The truth is that this nagging sense of not being good enough reflects reality. We are unworthy…utterly unworthy.
Christians perennially revisit the subject of "works-righteousness"; an oxymoron if they’re ever was one. It has been an issue for every generation of believers since the Church began, and ours is no exception. Human beings naturally try to earn salvation. This is a direct result of the pride that led to the fall of our race. We now live in a world in which nearly everything needs to be worked for. Unfortunately that also often includes human affection. It has always been this way and in our modern capitalist system we are more steeped in a culture of works then perhaps ever before. Everything and everyone apparently has a price.
The faith began in Jesus Christ turns all that on its ear. The Bible tells us that work justifies no one. It is only by grace, through faith, that any of us are saved. The Church is made up of people, who have rejected, or are in the process of rejecting, the World’s idea of achievement. For us to be made sons and daughters of God we must only accept the work done by the One on behalf of us all. The work of the cross takes care of our work. Our effort is never going to be enough to attain to Heaven. Our work is indeed unworthy as we, ourselves, are. Thank God that He has made salvation a truly free gift.
So why do so many of us bang our heads against a spiritual wall, still trying to gain acceptance from our Lord? Besides the ingrained human tendency to work for all things what else is it that keeps us from, as Brennan Manning once wrote, "accepting our acceptance"? Maybe it is the trouble we have in believing that the love the Father has for us is greater then our unworthiness. This is especially true of Christians with tendencies towards introspection. When we look at our flesh we see nothing but sin, darkness and rebellion and we look at our flesh too often. It is better to train our eyes outward and upwards, towards God. If we did that more regularly we might begin to see that where sin abounds His grace abounds all the more. The love of Jesus Christ is bigger than our unworthiness. It always has been and it always shall be.

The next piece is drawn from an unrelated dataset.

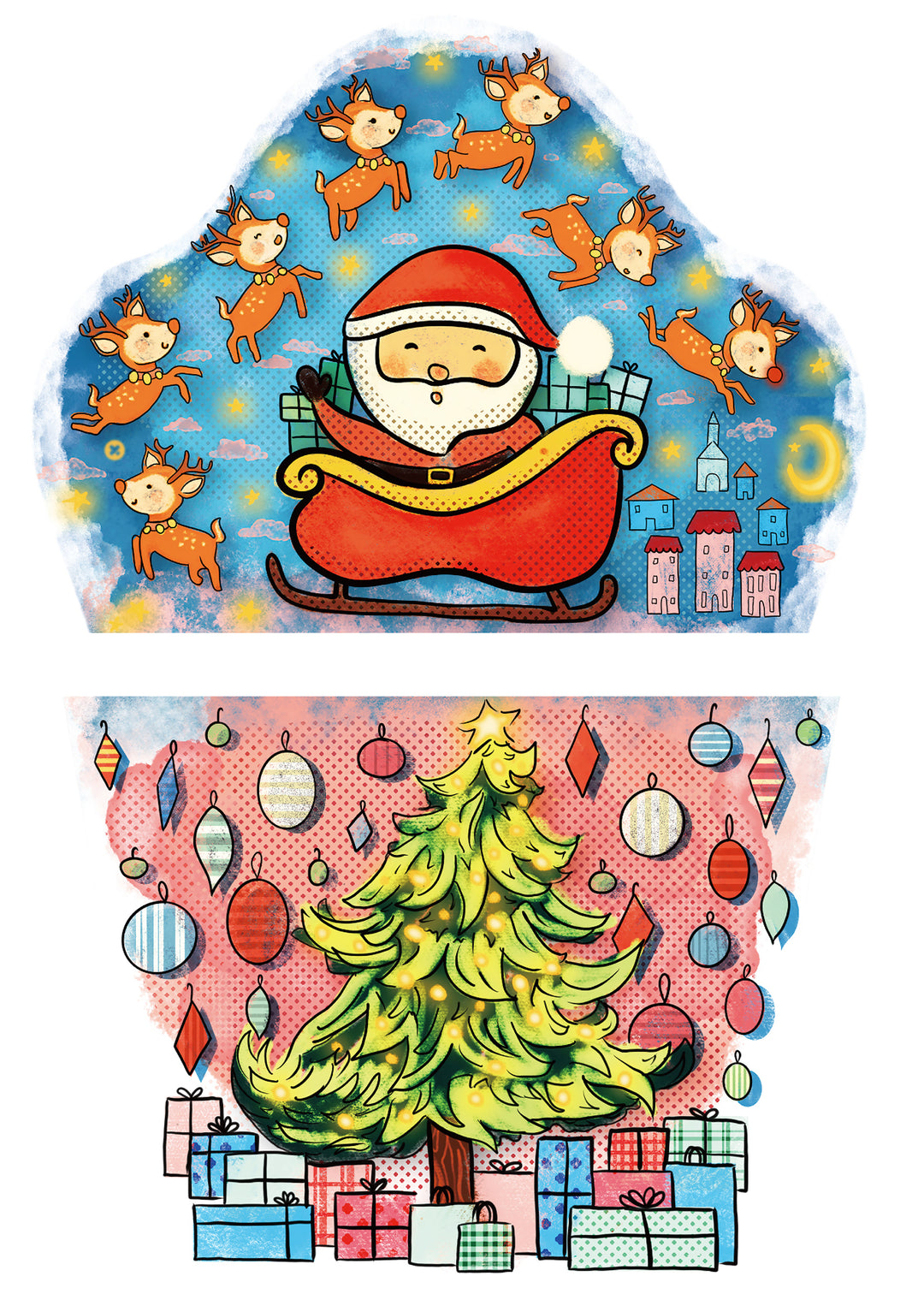 Santa's Coming Full Sleeve Tattoo - Christmas Christmas Tree Elf full sleeve Santa Santa Claus Santa Clause temporary tattoo full sleeve temporary tattoo for kids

We are finite beings in relationship with an infinite God. His love is as infinite as He is. It is difficult to believe that for most of us. We are so steeped in the conditional and limited love of fallen humans that to believe, really believe, that the love of our Lord towards us is enough to overcome our unworthiness is not an easy thing.

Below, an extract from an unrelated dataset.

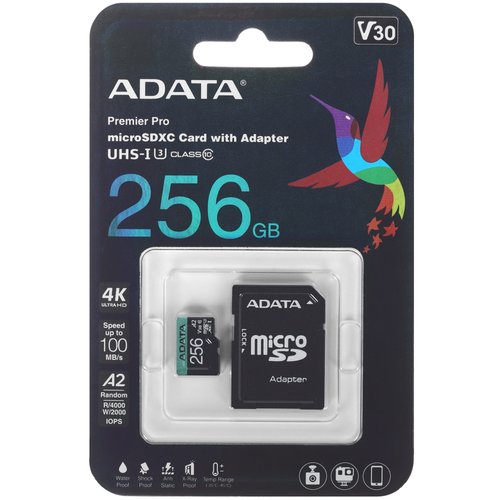 Карта памяти ADATA Premier Pro microSDXC 256 ГБ [AUSDX256GUI3V30SA2-RA1]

But we can come into the freedom promised to the children of God. Again, this begins with seeing Him as He is and it involves making a conscious decision to turn from our sometimes-morbid introspection towards His face. This change of perspective will probably not come overnight and it will require the help of God Himself. We can pray for Him to reveal Himself to us as we make the choice to seek Him in spirit and in truth. The Bible tells us that God draws near to us as we draw near to Him. It also tells us that we can love Him only because He first loved us. The effort we make to move into the fullness of His gift of salvation is powered by the love of the Lord towards us. It is not the work of our flesh but the fruit of that love already working in us. It is ultimately a work of grace. We must only turn our eyes upon Jesus.
It is then, and only then, that our terrible sense of unworthiness can gradually give way to a heart knowledge of our acceptance in the Beloved.